*** INPUT DATA Section Begins ***
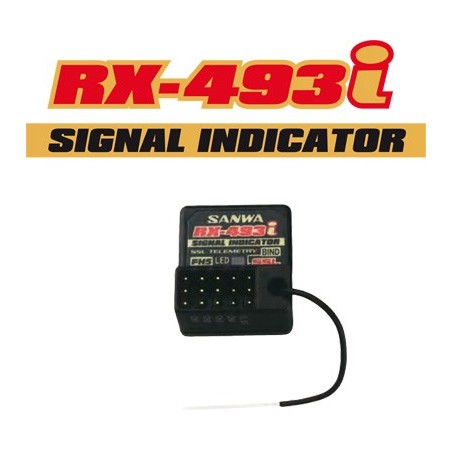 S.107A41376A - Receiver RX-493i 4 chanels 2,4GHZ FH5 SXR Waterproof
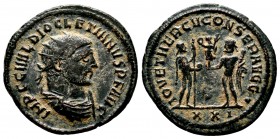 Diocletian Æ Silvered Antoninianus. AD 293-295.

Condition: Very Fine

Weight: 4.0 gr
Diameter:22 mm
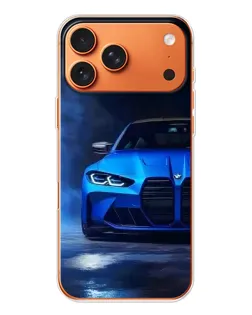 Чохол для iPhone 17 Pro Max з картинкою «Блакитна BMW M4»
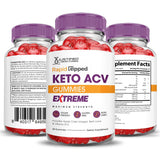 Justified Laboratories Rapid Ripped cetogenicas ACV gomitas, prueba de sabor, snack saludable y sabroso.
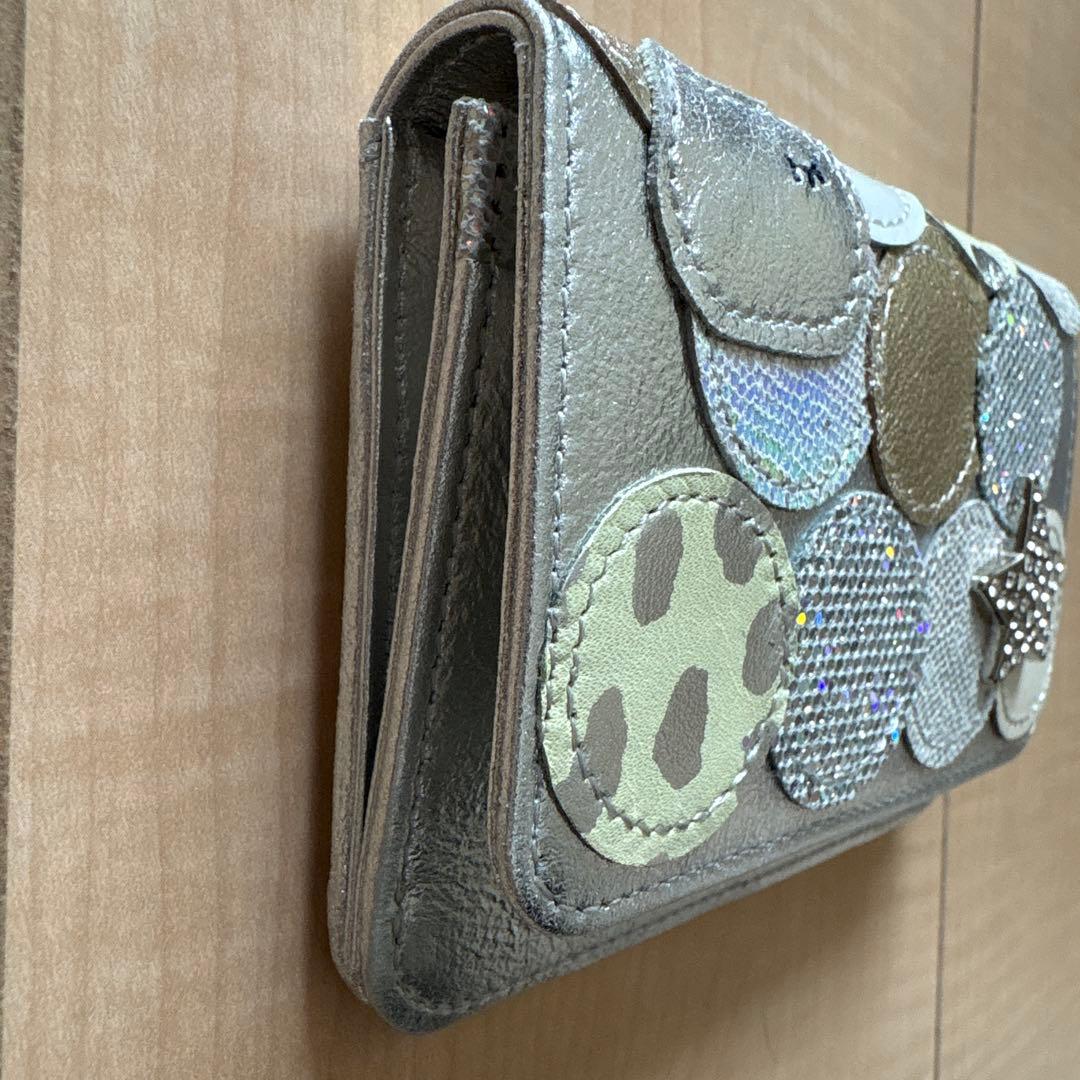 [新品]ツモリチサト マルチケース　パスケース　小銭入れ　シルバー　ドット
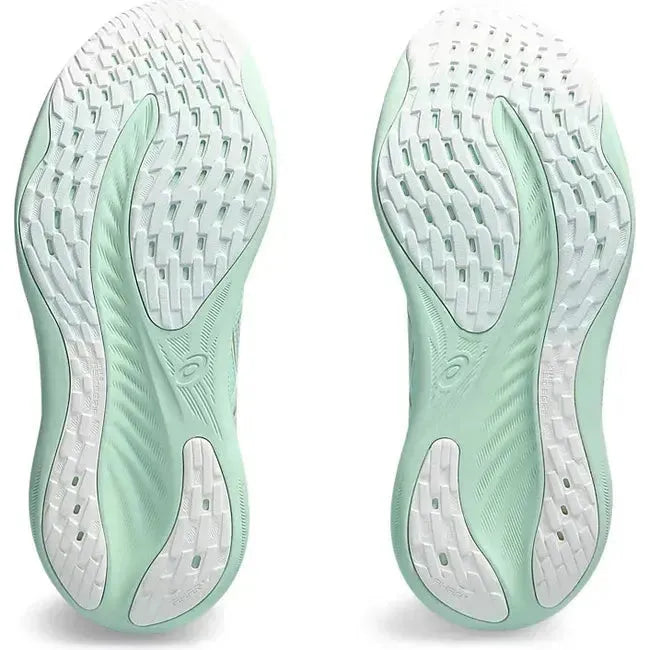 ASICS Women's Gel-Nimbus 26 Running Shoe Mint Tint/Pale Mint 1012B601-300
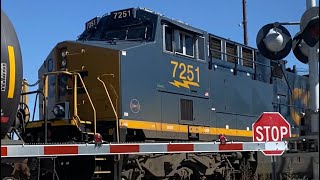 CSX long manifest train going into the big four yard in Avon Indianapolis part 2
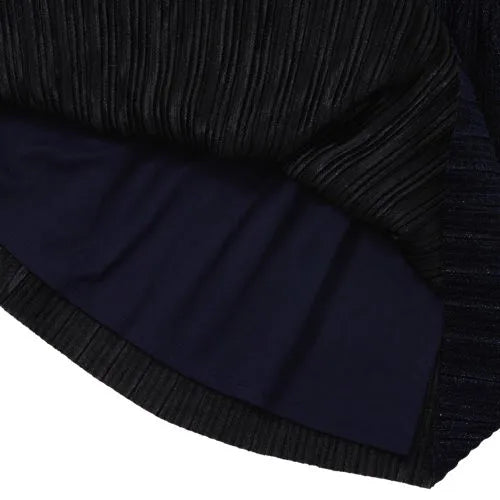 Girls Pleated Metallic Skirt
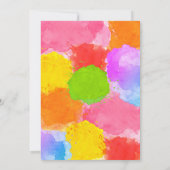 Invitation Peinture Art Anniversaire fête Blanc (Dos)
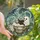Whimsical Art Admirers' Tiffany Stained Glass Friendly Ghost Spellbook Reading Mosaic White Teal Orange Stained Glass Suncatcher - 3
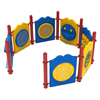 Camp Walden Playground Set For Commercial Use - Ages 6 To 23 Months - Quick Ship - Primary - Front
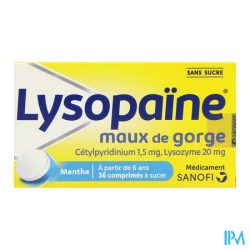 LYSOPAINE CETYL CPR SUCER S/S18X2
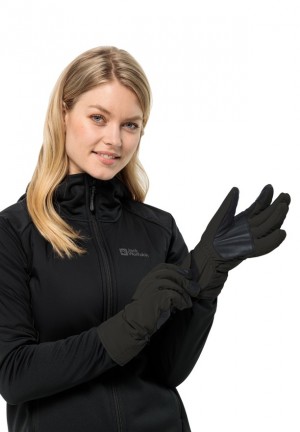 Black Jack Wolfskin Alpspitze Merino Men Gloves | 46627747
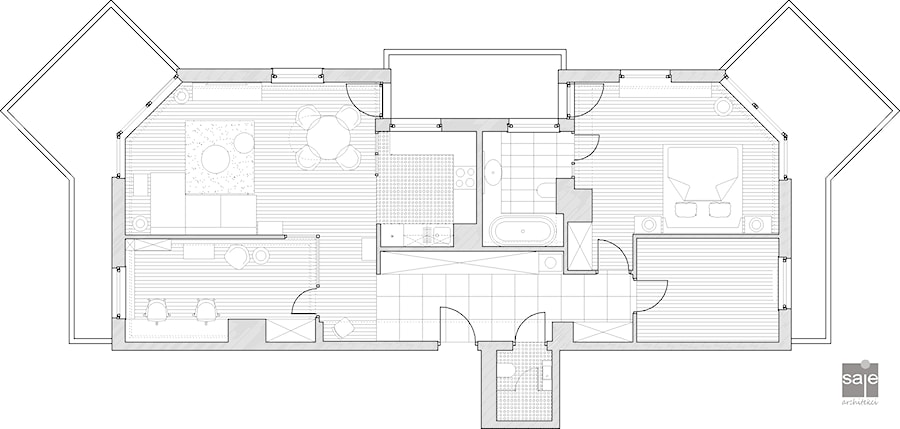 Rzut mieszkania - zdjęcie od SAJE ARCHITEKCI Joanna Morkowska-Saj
*** INPUT DATA Section Ends ***
- _DESCRIPTION OF THE TASK_: Print all the entries exactly as they appear, without the pictures.

- _EXERCISE RESPONSE_:
 S.107A41376A - Receiver RX-493i 4 chanels 2,4GHZ FH5 SXR Waterproof
 Diocletian Æ Silvered Antoninianus. AD 293-295.

Condition: Very Fine

Weight: 4.0 gr
Diameter:22 mm
 Чохол для iPhone 17 Pro Max з картинкою «Блакитна BMW M4»
 Justified Laboratories Rapid Ripped cetogenicas ACV gomitas, prueba de sabor, snack saludable y sabroso.
 [新品]ツモリチサト マルチケース　パスケース　小銭入れ　シルバー　ドット
 ASICS Women's Gel-Nimbus 26 Running Shoe Mint Tint/Pale Mint 1012B601-300
 CSX long manifest train going into the big four yard in Avon Indianapolis part 2
 Girls Pleated Metallic Skirt
 Invitation Peinture Art Anniversaire fête Blanc (Dos)
Whimsical Art Admirers' Tiffany Stained Glass Friendly Ghost Spellbook Reading Mosaic White Teal Orange Stained Glass Suncatcher - 3
 Camp Walden Playground Set For Commercial Use - Ages 6 To 23 Months - Quick Ship - Primary - Front
 LYSOPAINE CETYL CPR SUCER S/S18X2
 Black Jack Wolfskin Alpspitze Merino Men Gloves | 46627747
 Rzut mieszkania - zdjęcie od SAJE ARCHITEKCI Joanna Morkowska-Saj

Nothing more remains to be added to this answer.